Weekly Jobless Claims Rise by 10,000, Less Than Expected

Weekly Jobless Claims Rise by 10,000, Less Than Expected

(Dollar Photo Club)

Thursday, 12 January 2017 08:46 AM EST

 

The number of Americans filing for unemployment benefits rose less than expected last week, pointing to a tightening labor market that is starting to spur faster wage growth.

Other data on Thursday showed import prices posting their largest gain in nearly five years in the 12 months through December, suggesting that inflation could soon push higher. Import prices are being driven by rising oil prices, but a strong dollar could limit some of the impact on inflation.

Initial claims for state unemployment benefits increased 10,000 to a seasonally adjusted 247,000 for the week ended Jan. 7, the Labor Department said. It was the 97th straight week that jobless claims remained below 300,000, a threshold associated with a healthy labor market. That is the longest stretch since 1970, when the labor market was much smaller.

"Jobless claims remain in a very constructive range and are still evidence of an environment in which turnover is low and employers are generally content to maintain and expand their payrolls," said Jim Baird, chief investment officer at Plante Moran Financial Advisors in Kalamazoo, Michigan.

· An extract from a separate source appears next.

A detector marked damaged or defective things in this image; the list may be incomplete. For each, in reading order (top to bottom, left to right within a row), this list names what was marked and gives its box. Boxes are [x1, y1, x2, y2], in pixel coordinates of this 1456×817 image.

Economists had forecast first-time applications for jobless benefits rising to 255,000 in the latest week.

Jobless claims data tends to be volatile around the holiday season. The four-week moving average, considered a better measure of labor market trends as it irons out week-to-week volatility, fell 1,750 to 256,500 last week.

The number of Americans still receiving jobless benefits after an initial week of aid fell 29,000 to 2.09 million in the week ended Dec. 31. That was the first decline in the so-called continuing claims since November.

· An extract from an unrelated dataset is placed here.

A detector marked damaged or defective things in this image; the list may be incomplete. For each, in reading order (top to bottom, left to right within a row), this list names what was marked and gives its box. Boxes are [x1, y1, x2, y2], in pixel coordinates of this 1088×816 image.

U.S. financial markets were little moved by the data amid disappointment over the lack of details regarding president-elect Donald Trump's economic policy on Wednesday during his first press conference since his Nov. 8 election victory.

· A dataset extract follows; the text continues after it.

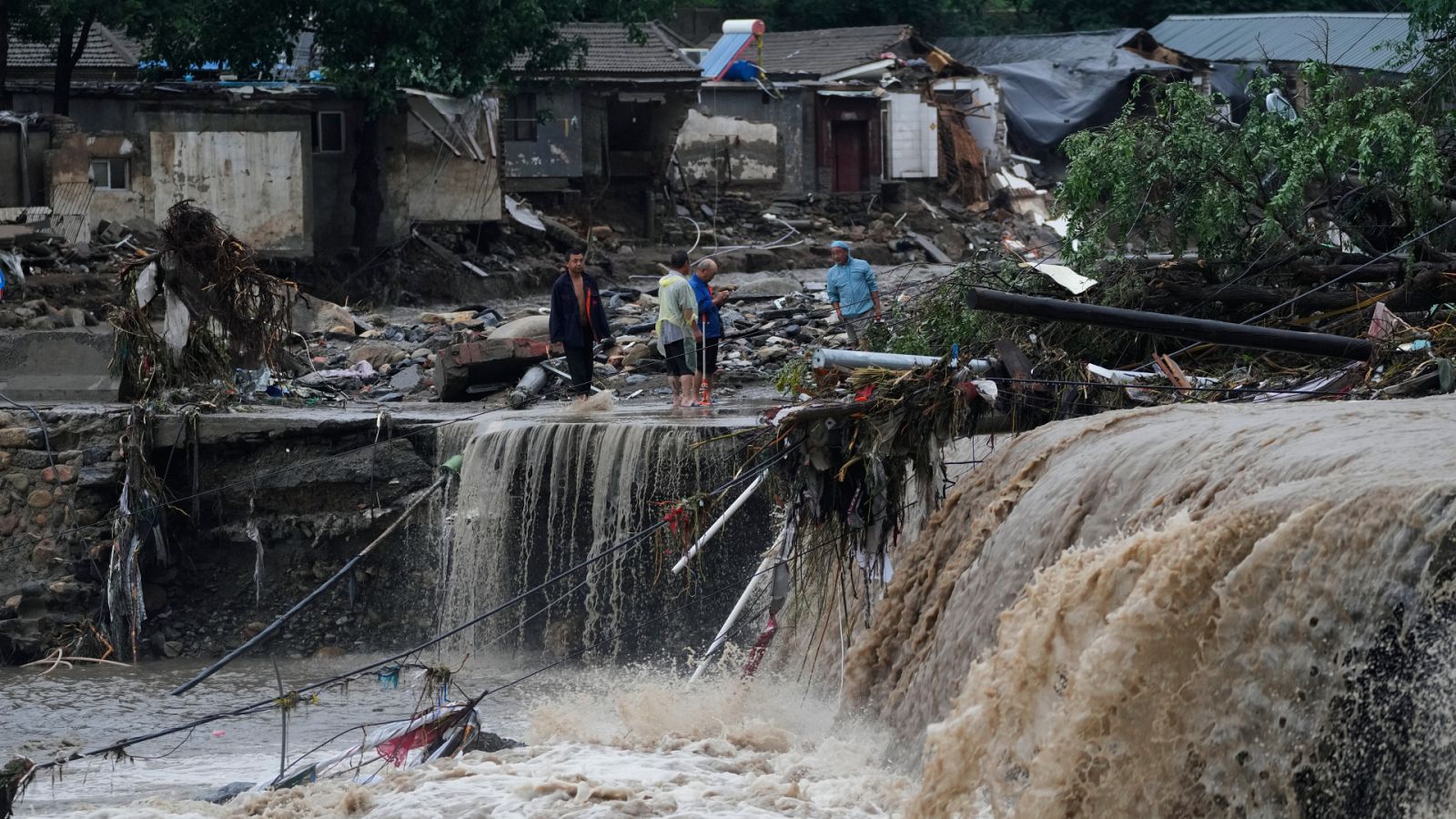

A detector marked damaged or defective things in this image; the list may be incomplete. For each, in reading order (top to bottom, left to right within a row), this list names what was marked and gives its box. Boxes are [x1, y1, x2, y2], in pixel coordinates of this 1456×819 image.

Stocks on Wall Street were trading lower, while prices for U.S. government debt rose. The dollar fell against a basket of currencies also as minutes from the European Central Bank's last meeting revealed a few policymakers had not backed an extension of the ECB's bond buying program.

During his election campaign Trump pledged to cut taxes, increase spending on infrastructure and relax regulations. While he has offered few details on these election promises, economists are hoping that the proposed fiscal stimulus would boost economic growth this year.

The stimulus would come against the backdrop of a labor market that is at or near full employment, with the unemployment rate near a nine-year low of 4.7 percent.

With tightening labor market conditions starting to push up wage growth, that could stoke inflation pressures and prompt the Federal Reserve to raise interest rates at a faster pace than currently envisaged.

The Fed raised its benchmark overnight interest rate last month by 25 basis points to a range of 0.50 percent to 0.75 percent. The U.S. central bank has forecast three rate hikes for this year. Average hourly earnings increased 2.9 percent in the 12 months through December, the largest gain since June 2009.

In a second report, the Labor Department said import prices increased 0.4 percent last month as the cost of petroleum products surged 7.9 percent. Import prices slipped 0.2 percent in November.

In the 12 months through December, import prices jumped 1.8 percent, the largest gain since March 2012, after edging up 0.1 percent in the 12 months through November.

Import prices are rising as the drag from lower oil prices fades. Oil prices have risen above $50 per barrel.

Import prices excluding petroleum, however, fell 0.2 percent in December after being unchanged the prior month. This decline in underlying import prices likely reflects sustained dollar strength. Prices of imported automobiles, consumer and capital goods fell last month.

The dollar rose 4.4 percent against the currencies of the United States' main trading partners last year, with most of the gains coming in the wake of Trump's victory.

"While the drag on import price inflation stemming from energy is fading, dollar headwinds have resurfaced," said Sarah House an economist at Wells Fargo Securities in Charlotte, North Carolina.

"We expect the renewed strength in the dollar to remain a challenge for import price reflation in the coming months, but the rebound in energy prices should more than offset any drag."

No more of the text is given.